The Return of QE

"With the exception of the Great Depression of the 1930s, the Great Inflation of the 1970s is generally viewed as the most dramatic failure of macroeconomic policy in the United States since the founding of the Federal Reserve."
Athanasios Orphanides, Professor, MIT Sloan School of Management

What went wrong last year?

According to one estimate (see here), households worldwide lost about $23Tn of wealth last year – mainly because of falling property and equity prices. That exceeds the losses suffered during the Global Financial Crisis (GFC). Losses back then were approximately $18Tn worldwide. I bring this up, as it shows how important liquidity has become in financial markets. The GFC did much more damage to the global economy than anything we endured in 2022, but liquidity last year was very tight.

The cost of capital (i.e. interest rates) is another way to think of liquidity and its importance to the wellbeing of financial markets. When interest rates were close to zero, plenty of borrowing took place for financial investment purposes, and that drove up risk asset prices. At the same time, households and corporates were reluctant to park excess capital with banks or in money market instruments, as the expected return was nil. Instead, they invested in risk assets.

Now, if you look back on the post-GFC era – an era I prefer to call the QE era – it is little wonder that household wealth grew so much during those years. Think about it. The cost of capital was non-existing.

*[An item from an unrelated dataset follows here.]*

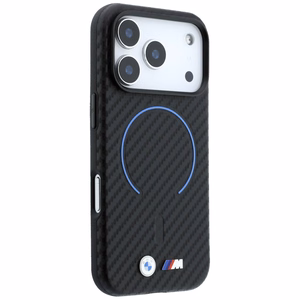 BMW M Carbon Printed Ring MagSafe-suojakuori iPhone 17 Pro Max / 18 Pro Max -malleille, musta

There was plenty of liquidity in the system thanks to central banks’ appetite for QE, and you couldn’t earn a dime on your capital, unless you were prepared to take some risk. And to cap it all – Wall Street were busy telling private investors that, as long as they followed a 60/40 investment strategy, they would never lose out, as equities and bonds are always negatively correlated (they said).

Reality turned out to be very different, though. The correlation between bond and equity returns, which had been negative for many years, suddenly turned positive (Exhibit 1), and all those ’wonderful’ 60/40 funds that investors had put their savings into began to deliver negative returns. And, to add insult to injury, for the first time ever, bonds losses were bigger than equity losses last year.